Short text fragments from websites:
--

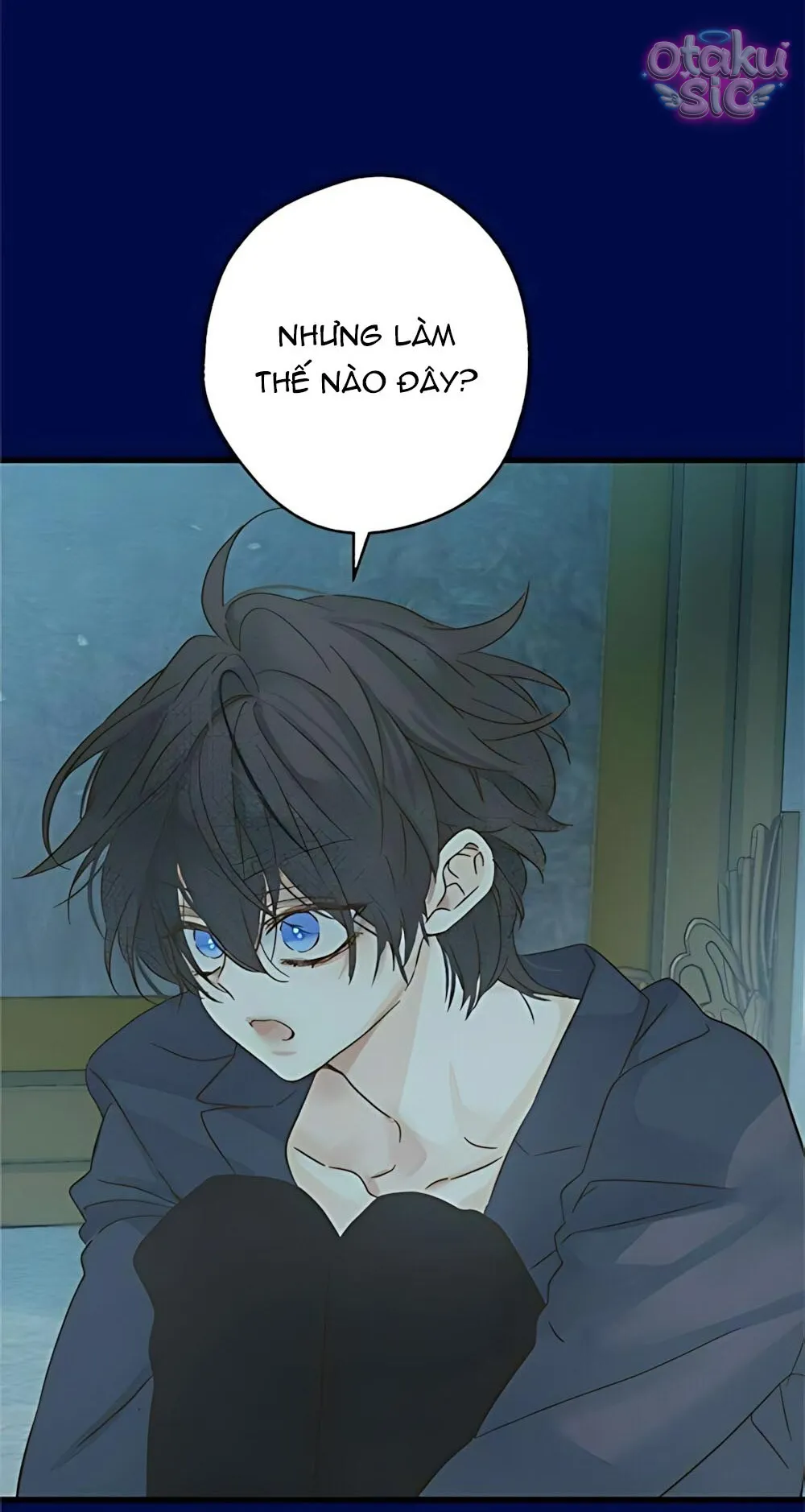 Ẩn Sau Cách Rừng - Chap 15 - Trang 22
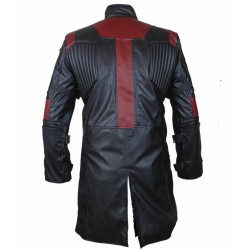 Mens Hawkeye Coat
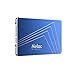 Produktbild Festplatte und Zubehör Netac N610S SSD 2,5-Zoll-SATAIII-Solid-State-Laufwerk mit 6 Gbit / s Außergewöhnliche Leistung SLC-Caching-Algorithmus mit R / W-Geschwindigkeit 500 MB / s Über Festplatten und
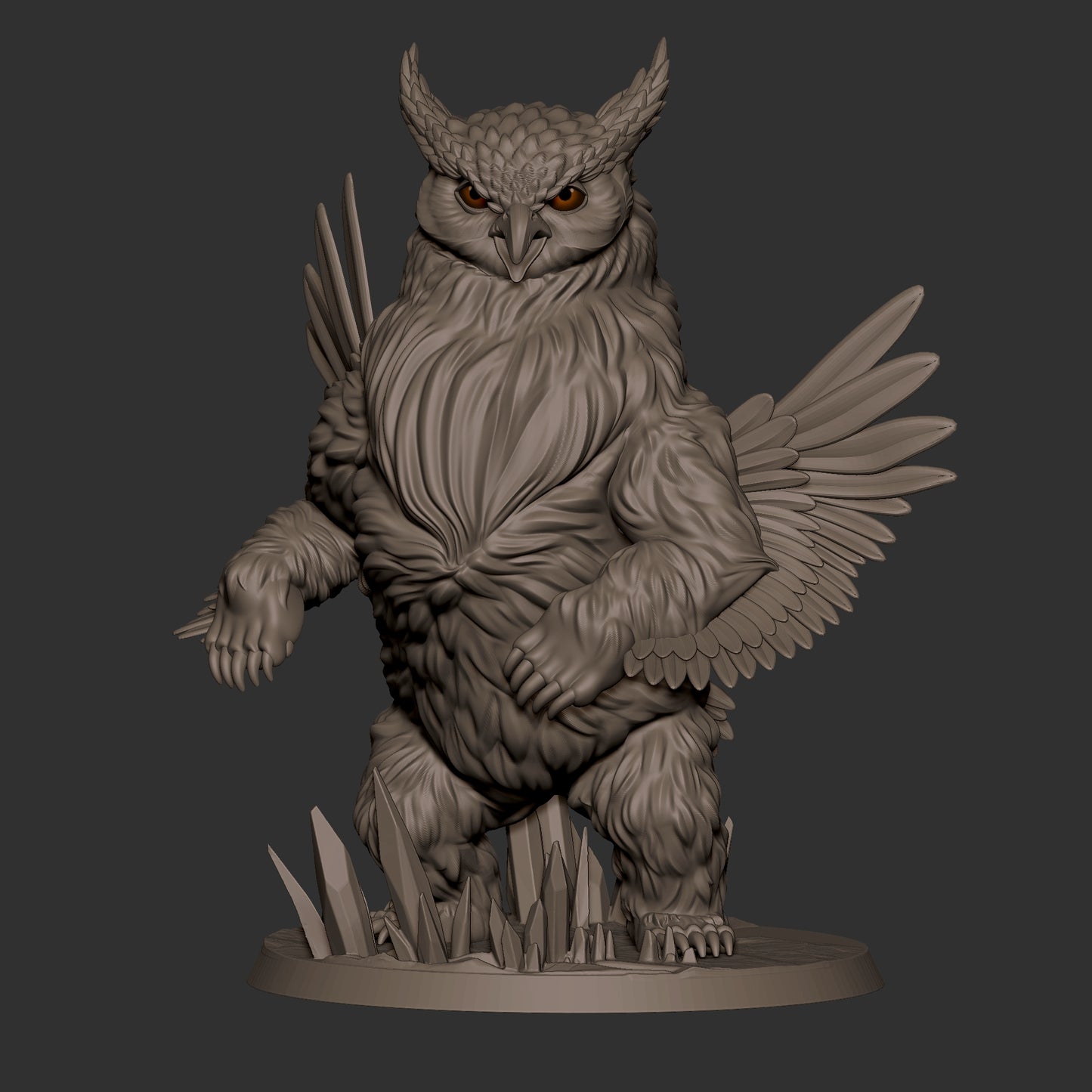 Owlbear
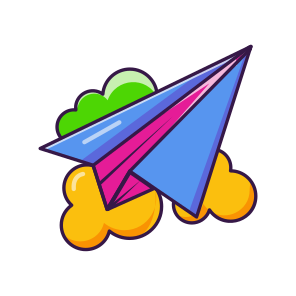 Sending Message, Chat, Text, Conversation, Communication icon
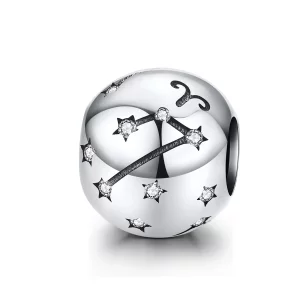 (image pour) Charm Style PANDORA bélier - SCC1218-1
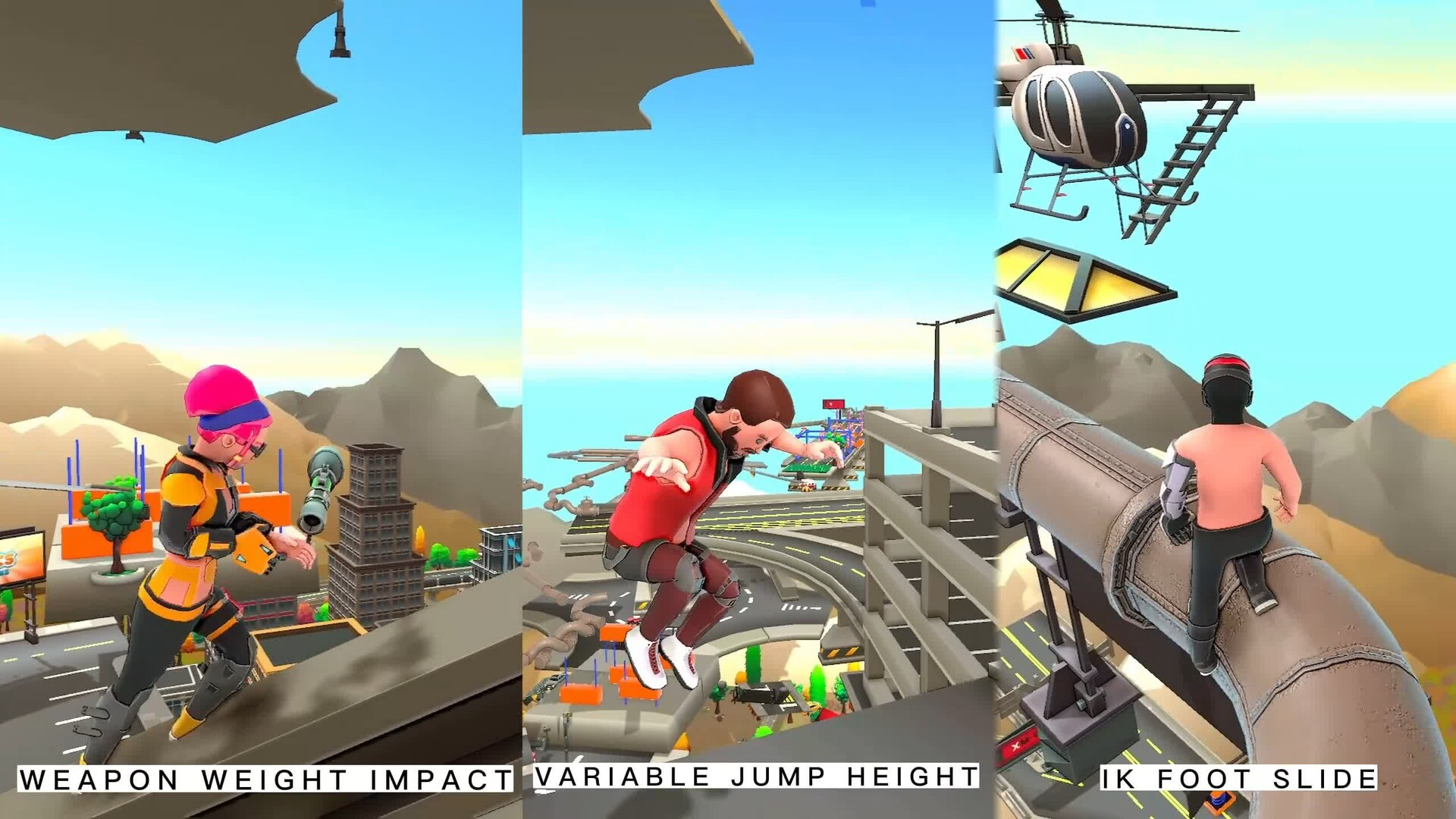 Summit Smash screenshot 19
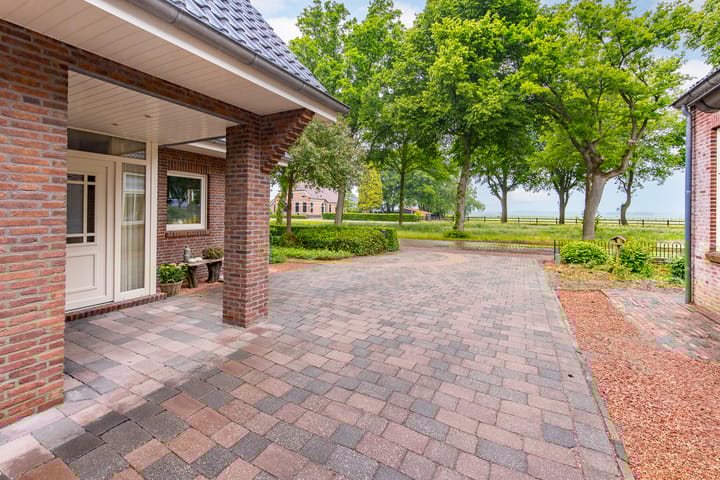 Foto 7 van Weerdingerkanaal ZZ 100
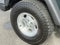 2000 Jeep Wrangler Sport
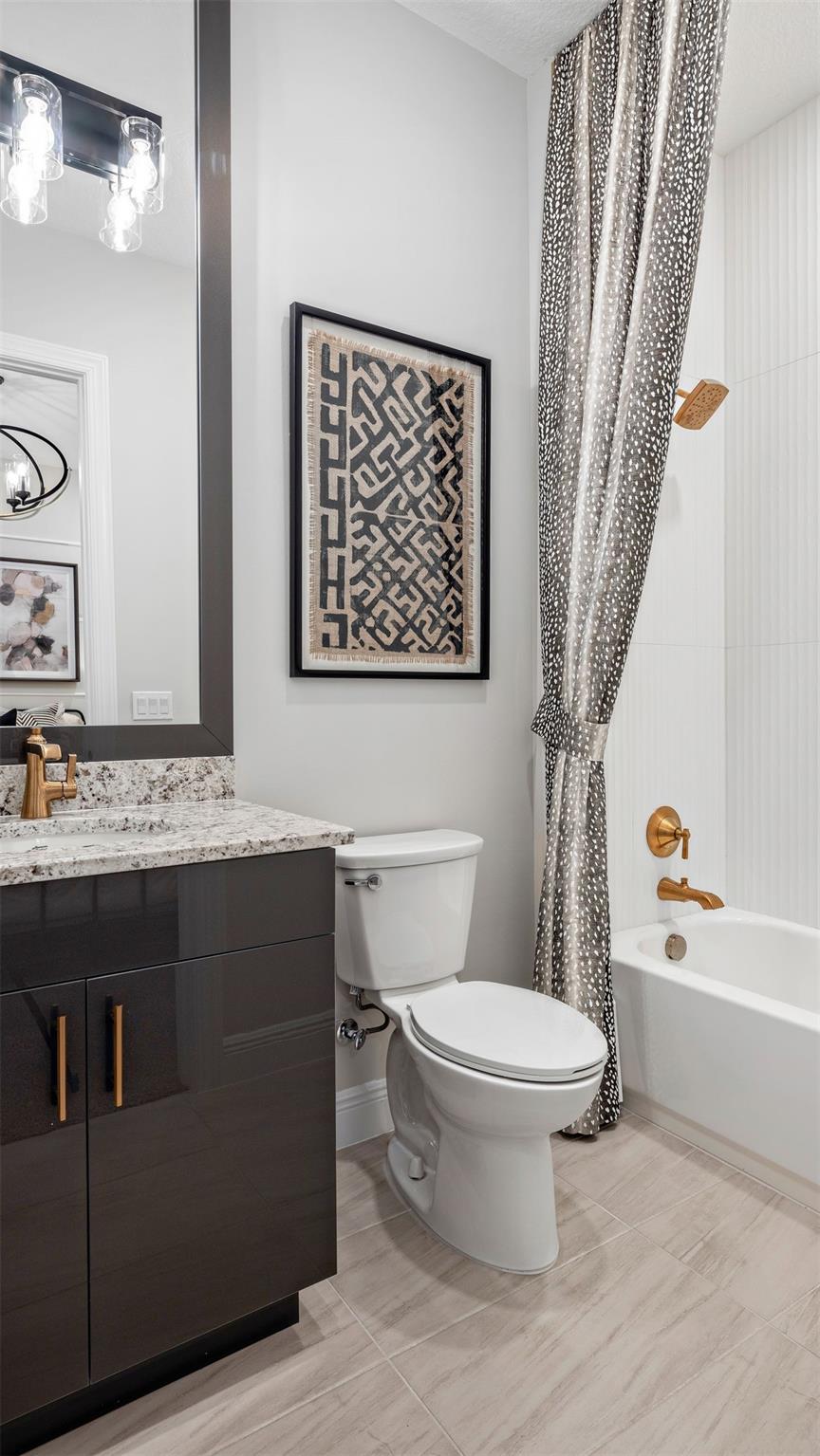 CRESSWIND PALM BEACH - Residential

--

All of the records above are to be written out exactly, minus their images.

 Ẩn Sau Cách Rừng - Chap 15 - Trang 22
 Mens Hawkeye Coat
 Produktbild Festplatte und Zubehör Netac N610S SSD 2,5-Zoll-SATAIII-Solid-State-Laufwerk mit 6 Gbit / s Außergewöhnliche Leistung SLC-Caching-Algorithmus mit R / W-Geschwindigkeit 500 MB / s Über Festplatten und
 Owlbear
 Sending Message, Chat, Text, Conversation, Communication icon
 (image pour) Charm Style PANDORA bélier - SCC1218-1
 Summit Smash screenshot 19
 Foto 7 van Weerdingerkanaal ZZ 100
 2000 Jeep Wrangler Sport
 CRESSWIND PALM BEACH - Residential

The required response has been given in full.